During World War II, Byam figured that travel trailers weren’t necessary for the war effort, so he shuttered his factory and went to work for Lockheed and then Los Angeles’ Curtis Wright Industries (an altogether different company from Buffalo-based Curtiss-Wright Corporation), putting his aluminum expertise to work assembling aircraft.

As the war came to a close, Byam reportedly had drawn up plans to start a camping store and catalog business, but Curtis Wright management — looking ahead to a postwar economy that didn’t need quite as many aircraft suppliers — approached Byam with plans to diversify into the travel trailer business. With aluminum in short supply, however, Byam had to revert to wooden construction for the first Curtis Wright-built trailers. Byam’s relationship with Curtis Wright didn’t last long, however: After a dispute over money, Byam left the company and restarted Airstream in 1947.

One of those Curtis Wright trailers, a Model 1 with serial number 429, sold new to Ken and Elaine Hunter of Manhattan Beach, California. The Hunters enjoyed it for a good 15 years until they hit a bull outside of St. George, Utah, while returning from a camping trip to Minnesota. While the bull and the Hunter family emerged unscathed from the incident, the trailer suffered a bowed wall, a gash in the skin, a tweaked frame, and a severe maple syrup spill inside. Rather than scrap the trailer, the Hunters decided to simply remove the wheels and park it for the next 55 years.

Though it had deteriorated over the decades, Oregon-based Dal Smilie recognized the trailer’s significance, bought it from the Hunter family, and turned it over to Chris and Trina Chapman to have it restored. “We tried to do it as original as possible down to the screws,” Smilie said.

At about the same time, Chuck and Toni Miltenberger of Saugus, California, had started work on their 1936 Airstream Silver Cloud, serial number 199, which Chuck found in Van Nuys.
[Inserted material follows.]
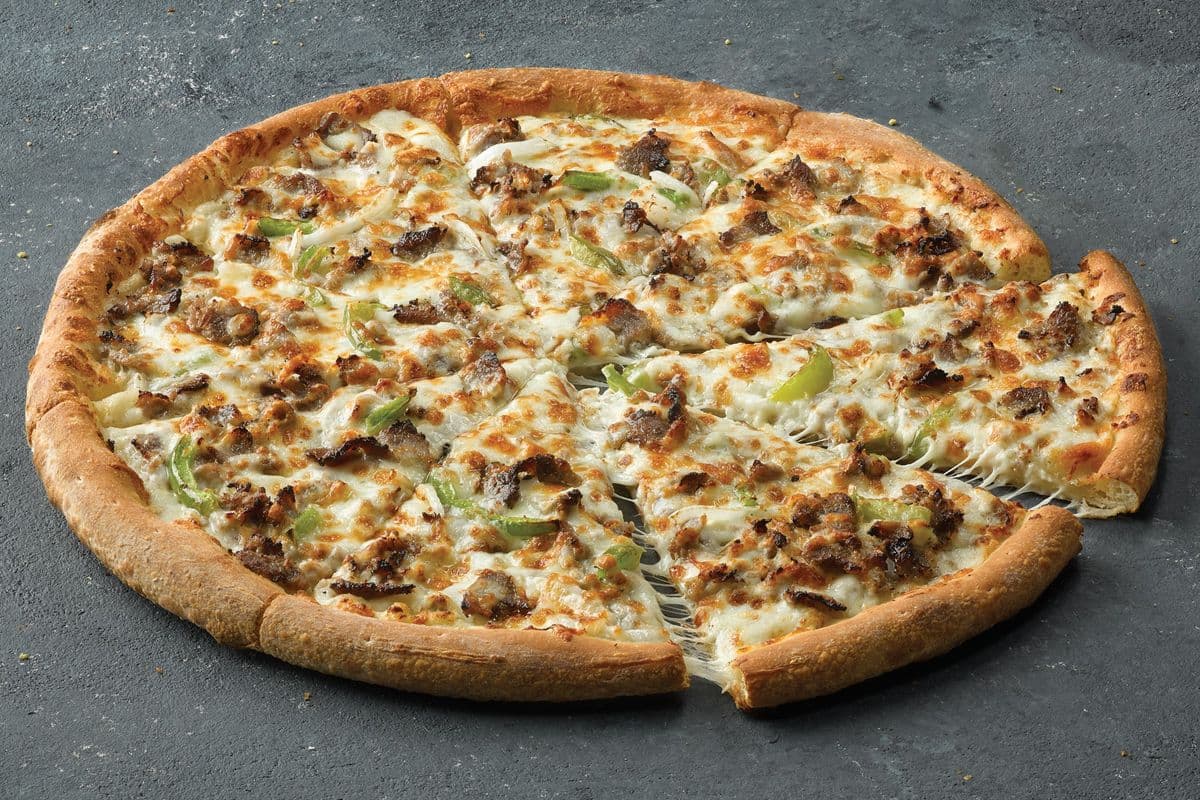 Extra Large Speciality Philly Cheesesteak Pizza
While they didn’t get as much of the history of the Silver Cloud as Smilie did with the Model 1, they did discover a relatively intact trailer that retained all of its original wood and fixtures, thanks to a sheath of aluminum over the Masonite installed sometime during the 1950s.

(Sheathing old Masonite exterior surfaces also helped preserve Dr. Norman Holman’s Airstream Torpedo, officially recognized as the oldest existing Airstream, which Holman built from a set of plans he purchased from Byam in 1935 and later skinned in aluminum  in the 1960s to prevent rock damage from gravel roads.)

The restorations on both trailers wrapped within the last couple of years — the Silver Cloud’s in February 2017, and the Model 1’s a year later — and both trailers converged on this year’s Vintage Airstream Club 25th anniversary rally in Bend, Oregon, pulled by a 1937 Chrysler Airflow and a 1948 Studebaker M5 pickup, respectively. While both Smilie and the Miltenbergers acknowledge that examples of their trailers with lower serial numbers could exist, theirs are the lowest-known serial numbers and thus the earliest-known examples of their trailers.